Get Away Adventures Lodge, down in Port Mansfield, runs Explorer boats. Bruce Schuler took me out in his a few weeks ago and i was very impressed. I believe his is a 24 or 25 foot, raised console. Thing ran incredibly smooth and dry. I made many comments throughout the trip how nice that boat was.


----------



## Capt.Thomas White

I have a 2005 23' TVC (Composite) Explorer that I run in Baffin, Upper Laguna and the Landcut. I run a 200 Honda 4 stroke on it and have not had much trouble at all. The boat runs shallow and has a good draft for drifting the flats and makes wade fishing easy. The only real complaint is with the McClain aluminum trailer that it came on. I have had nothing but issues after issue with it.


----------



## FLATSDADDY

Dargel's prices have gotten a bit expensice lately as compared to other dealerships. Not crazy expensive, but I noticed a difference. A bit more expensive but not enough to make the drive to other dealrersips.


----------



## LMCBOATS

As a dealer I have been impressed with the pricing I have received from Dargel on the 2010 models. It is going to allow me to offer the Explorers at a very competitive price compared to what we have been selling them for.

Maybe the dealer you spoke of was trying to hit a home run ??

I do still have a couple 2009's in stock that are marked way down, so compared to those the 2010 are a bit higher.


----------



## rippalipp

*junk!!!!!!!*

I Know this is an old thread, but I ran across it and could not help myself.
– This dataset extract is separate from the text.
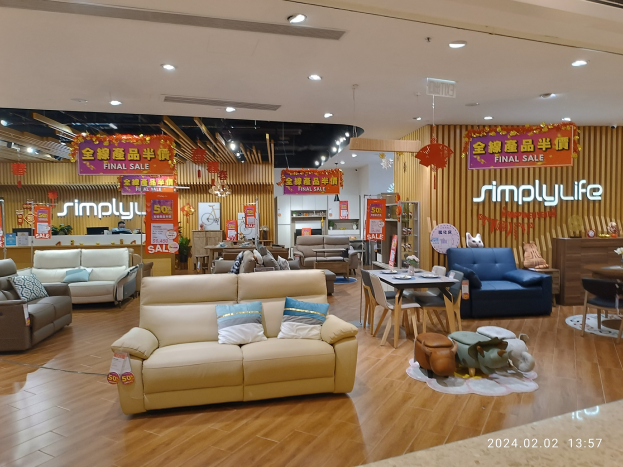 Innenansicht eines Möbelgeschäfts in China mit Sofas, Tischen, Stühlen, Hockern und anderen Gegenständen sowie Deckenlampen und Informationsschildern.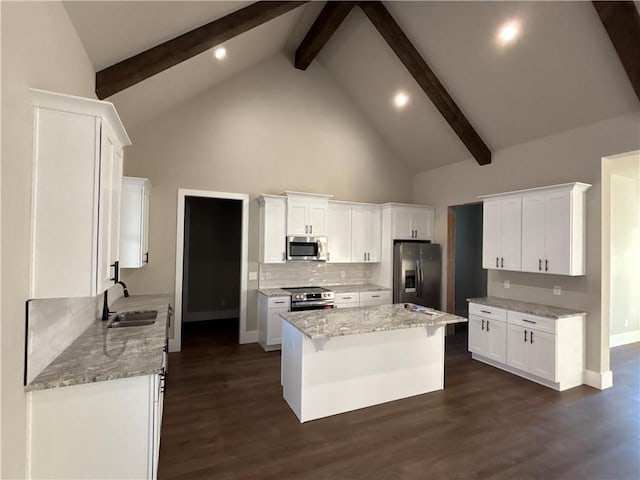 kitchen featuring beamed ceiling, stainless steel appliances, white cabinetry, and a kitchen island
I bought an 05 Explorer 19tv from L_C marine it was great for about a year then the screws in the floor started popping through(regular drywall screws) and the floor started to lift and rust.Took it to get fixed.Thinking just being unlucky and got a lemmon.I was talked into trading it in on a new
07 25' Explorer Flats Master.:hairout:This is where the fun really began. 
One week in and the front deck split from one side to the other.Took it in to L_C marine and they sent it back to Explorer (3weeks)to be "fixed" they srewed a couple of little wood blocks underneath no coating what so ever,then humped up some kind of filler on top put gelcoat on it and called it good.I ended up taking it somewhere else and paid for it to be fixed out of my own pocket.I was not letting them send it back up there for another 3 weeks.It seems fine for about a year,but then I notice the boat starts flexing more and screws in the floor start popping up in_this_ _boat too!? _unlucky?coincedence? I dont think so.
Well, now I am informed L_C is no longer a dealer of Explorer boats and will not honor the warranty!? Bad business L_C.
So now Im instructed that Explorer has been sold to Dargel boats and have to deal with them.Dealing with Dargel (Cleve)has been great! 
They pulled the floor up and we noticed no fiberglass on top only wood and Gel-Coat!!
Inside only two 1/4" stringers.[in a 25'x8'boat!?] that was supposedly foam filled.It had only three small blockes just thrown in_. _
_Dargel _put three 3/4" stringers in and wow what a differance.
I bought two brandnew boats from L_C The sales went fine,but the customer service and boat techs,Suck!!!!!! I will never buy another boat from L_C marine,or another boat that has Explorer on the side of it...... JUST IN CASE!


----------



## theyallbreak

Yeah I just saw an explorer boat with the floor out of it also, I was shocked to say the least


----------



## Dargel

Thanks for the kind word about Dargel. I just want to clarify that there is a big difference in the old Explorer and the new Explorer by Dargel.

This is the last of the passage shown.